Naloxone reverses the effects of an opioid overdose by ‘kicking’ the opioid (such as heroin, methadone) out of the opioid receptors in the brain. Once the opioids are kicked out and naloxone attaches to the receptors in their place, normal breathing and heart rate will resume. The reversal effects of naloxone usually last for around 20-30 minutes. After this time the person could go back into overdose so it is important to stay with them and encourage them to accept medical help.
The provision of naloxone kits containing syringes pre-filled with a naloxone hydrochloride solution, is the most common way that naloxone is distributed in Scotland. These are designed to be administered by intramuscular (IM) injection and they are also known by the brand name Prenoxad.
In some areas, naloxone is available as a nasal spray device, under the brand name Nyxoid.
The Prenoxad naloxone kits that are supplied by Crew look like this:
The yellow box contains a pre-filled syringe and two needles. There is enough naloxone in the syringe for five doses of naloxone to be given to the person who is overdosing.
The kit is provided to you for free.
Anyone who might witness an opioid overdose. This might be drug workers, social workers, the police and family and friends of people who take drugs. It is most important that people who take drugs carry naloxone. People who take drugs are usually first to witness and respond to the majority of drug overdoses.
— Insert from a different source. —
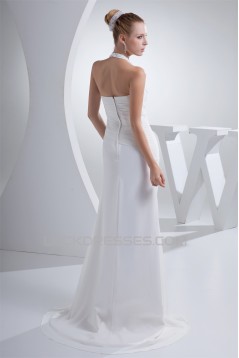 Sheath/Column Halter Chiffon Beaded Wedding Dresses 2030320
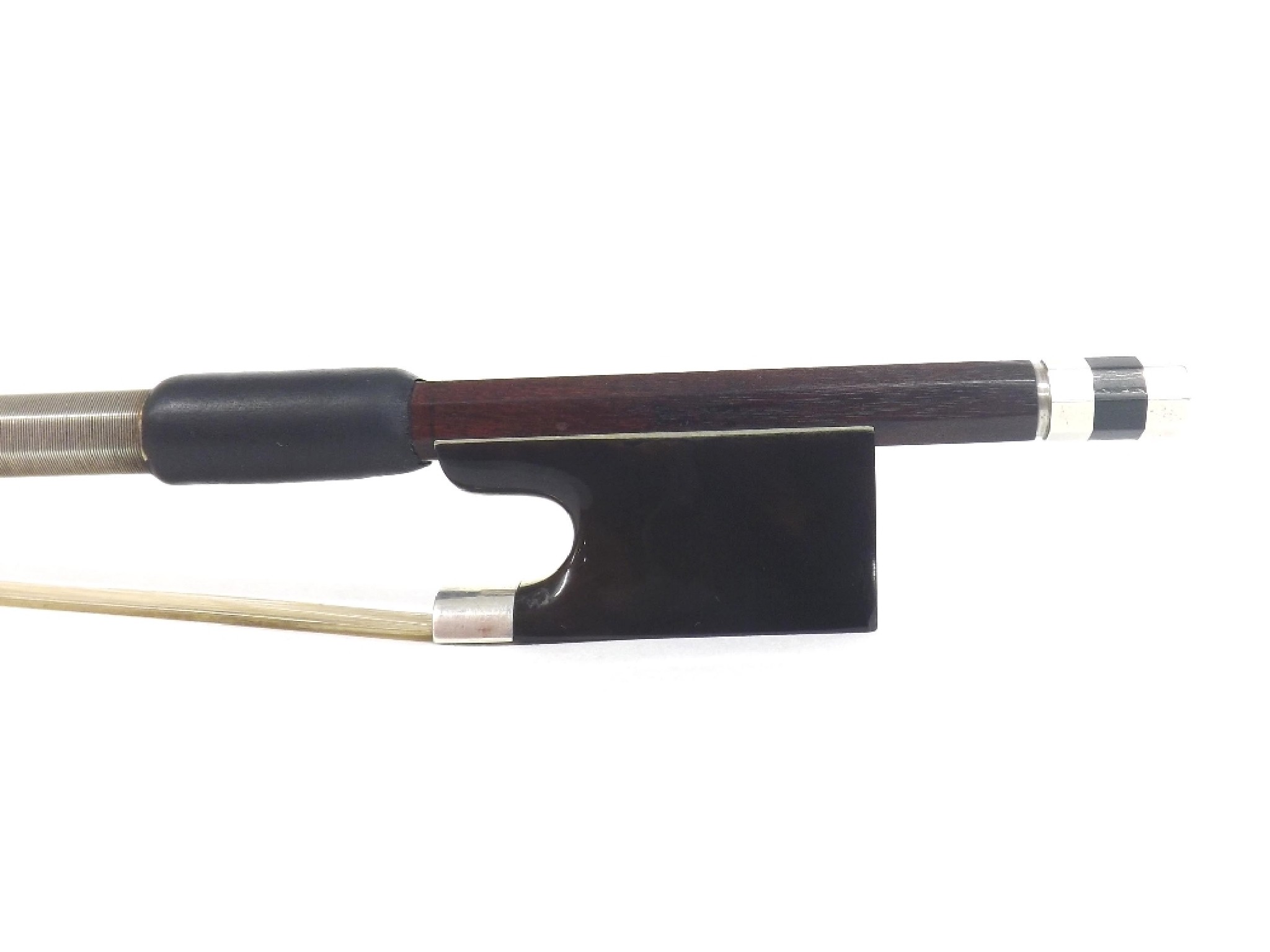 Appraisal: Silver mounted violin bow stamped Bausch gm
At Crew we think as many people as possible should know what naloxone is, know how to use it and carry it everywhere they go.
Naloxone should be given to anyone who is non-responsive and displaying the sign of an overdose.
Signs of an opioid overdose include:
- Unconsciousness – won’t wake with a shout or a shake
- Severe nausea and vomiting
- Difficulty breathing/snoring/raspy breathing
- Blue/pale tingeing of knees, hands and lips
- Slow or erratic pulse (heartbeat)
- Pale, cold and clammy skin
- Pin-point pupils
In an emergency always call 999 for an ambulance.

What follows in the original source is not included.